# What do you do for a living?



## Anonymous (Feb 3, 2007)

I am an assistant superintendent for a construction company. I watch over sub contractors and get to stand around all day looking unimpressed. It's a pretty cake job.


----------



## Jim (Feb 3, 2007)

Im a Systems Engineer, I manage, Monitor, over 300 Windows, and Linux Boxes. It has its ups and downs, but I like it!


----------



## Jim (Feb 3, 2007)

BRYCE said:


> get to stand around all day looking unimpressed.


 :mrgreen: 


Thats awesome!


----------



## dampeoples (Feb 3, 2007)

I get to deliver junk mail 

Hopefully one day I'll get to make tackle for a living!


----------



## Anonymous (Feb 4, 2007)

I am a retired US Army 1st SGT. I am at present the Maint supervisor for UDFC wood division San Angelo. And I run a reel repair & tuning buisness.

D.R.


----------



## Anonymous (Apr 11, 2007)

We have some new guys on here so I figured I would dredge up an old post. Does anyone want to add to it?


----------



## JustFishN (Apr 11, 2007)

I work in cash management... count money all day long lol .... lots of money


----------



## Icefisher15 (Apr 11, 2007)

I currently work part time at Gander Mountain, jobs alright, great environment, and best of all great discounts!


----------



## Jim (Apr 11, 2007)

Today was my last day at my current job. Next week I start as a Sr Network Engineer for a small consulting Company.


----------



## Anonymous (Apr 12, 2007)

I rebuild starters and alternators for cars. 


fishnfever


----------



## Captain Ahab (Apr 12, 2007)

Own and run The Unemployment Help Center

https://www.uchelpcenter.com/index.html


----------



## Mattman (Apr 12, 2007)

I'm in Research and Development for a large manufacturing company.


----------



## FISHING COP 623 (Apr 13, 2007)

I'm police officer for a small central Texas Town. I'm currently assigned as the School Resource Officer for the school District. I've been a cop for a 11 years and am also a member of our SWAT Team.


----------



## cjensen (May 13, 2007)

Im a firefighter/paramedic. Been doin that for about 10 years...


----------



## GatorTom (Jul 9, 2007)

I'm a project manager for one of the major cell phone companies. Best part of the job is that I get to work from home and my wireless internet reaches the dock. I've spent many days working from the dock.


----------



## Jim (Jul 9, 2007)

GatorTom said:


> I'm a project manager for one of the major cell phone companies. Best part of the job is that I get to work from home and my wireless internet reaches the dock. I've spent many days working from the dock.

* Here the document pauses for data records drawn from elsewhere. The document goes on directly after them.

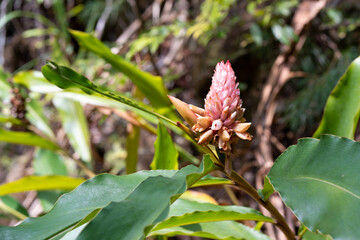 Unopened Shell-flower Blossom
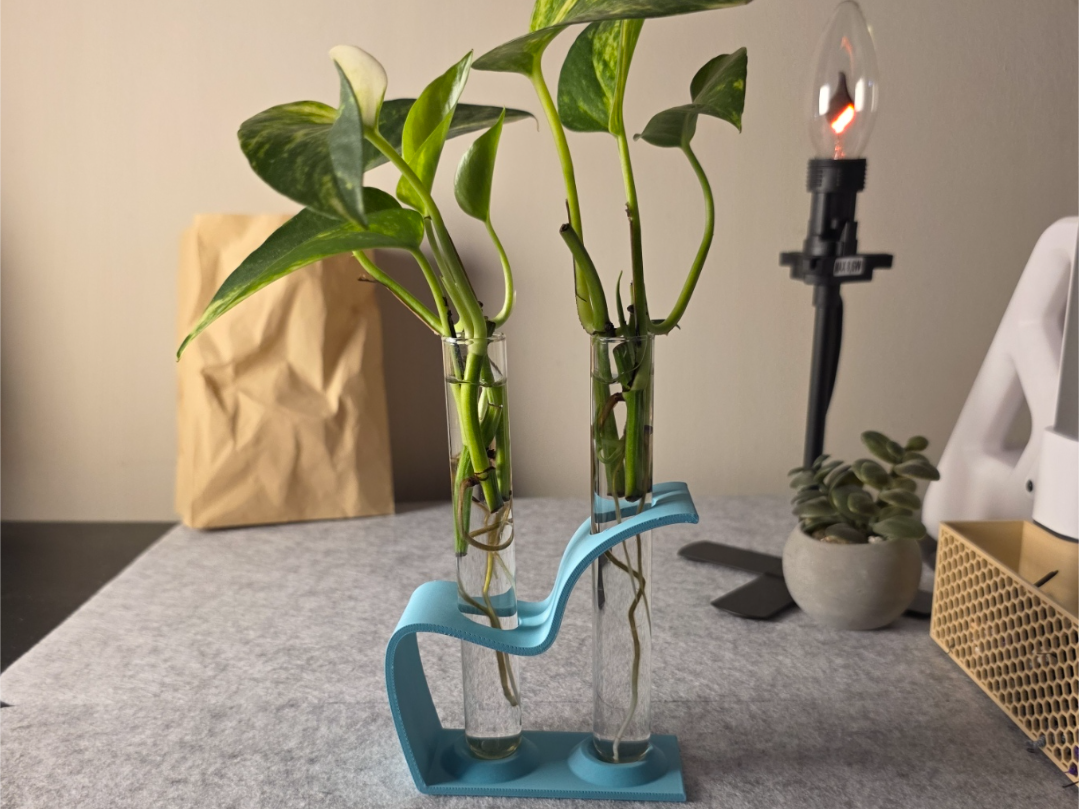 Propagation test tube holder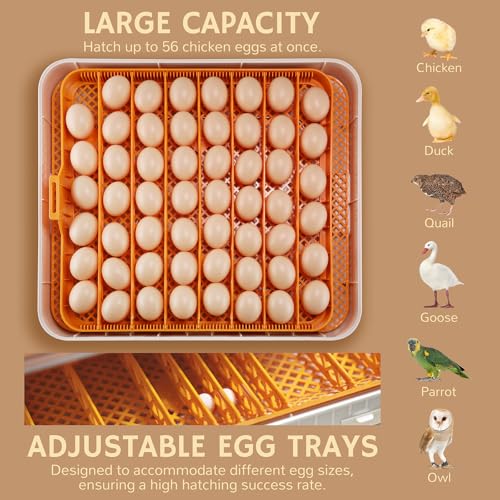 iPettie Nestasy ProHatch56 Egg Incubator with Automatic Egg Turning and Humidity Temperature Control, 56 Eggs Capacity for Hatching Eggs, Chicken Eggs, Duck Eggs, Temperature Adjustment and Alarms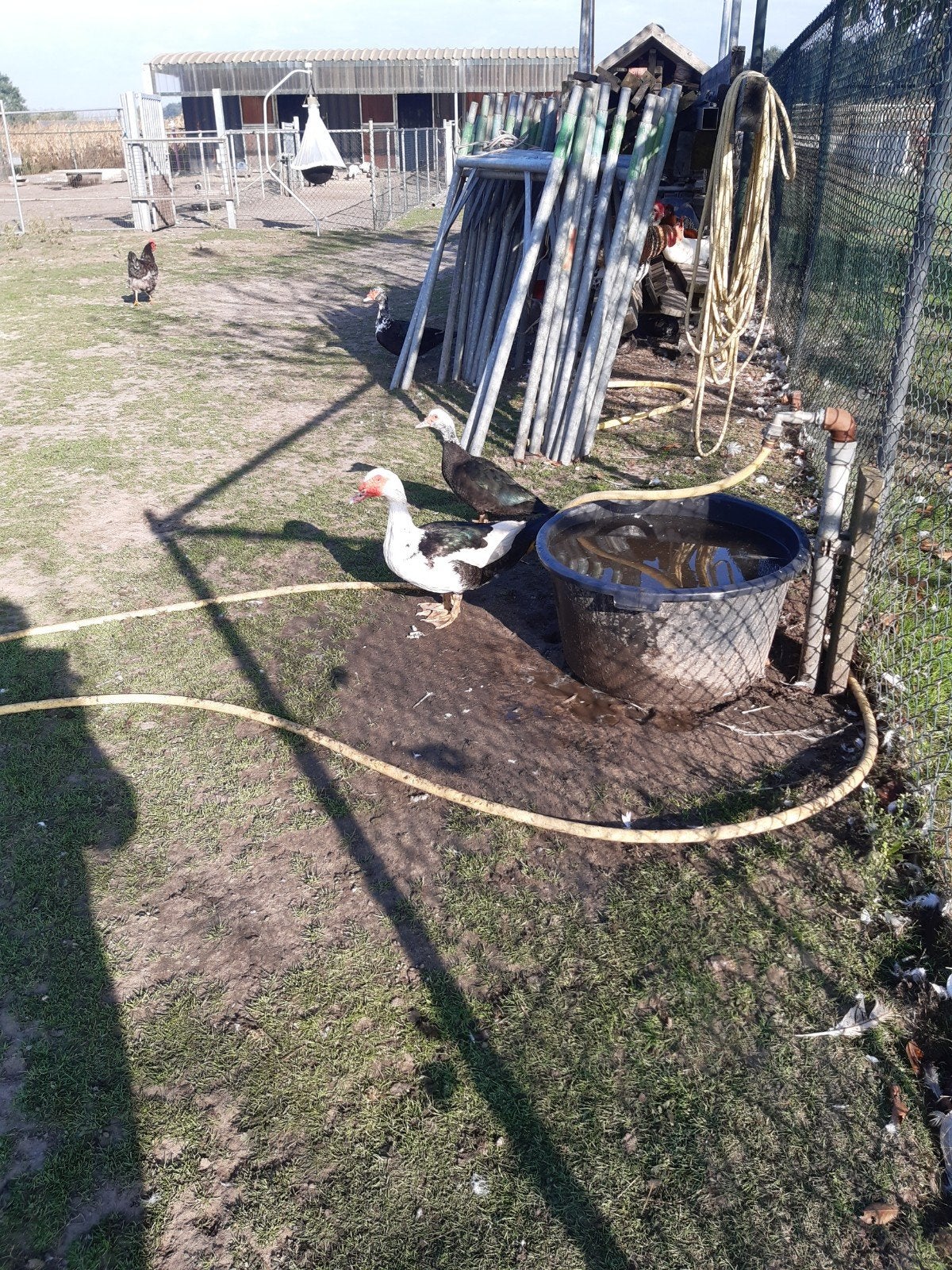muskus eenden, Meerdere dieren, Schaap, 0 tot 2 jaar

Wow! I thought I had it good working 2 days a week from home....you win! LOL!


----------



## Gamefisher (Jul 9, 2007)

I work for an event production company - sound systems, lights, stages, etc. I book equipment rentals and manage part of the inventory. 

Matt


----------



## rdneckhntr (Jul 10, 2007)

im a full time student during the winter lol...right now im doing landscaping(mowing/block/mulch/everything you can think of...)


----------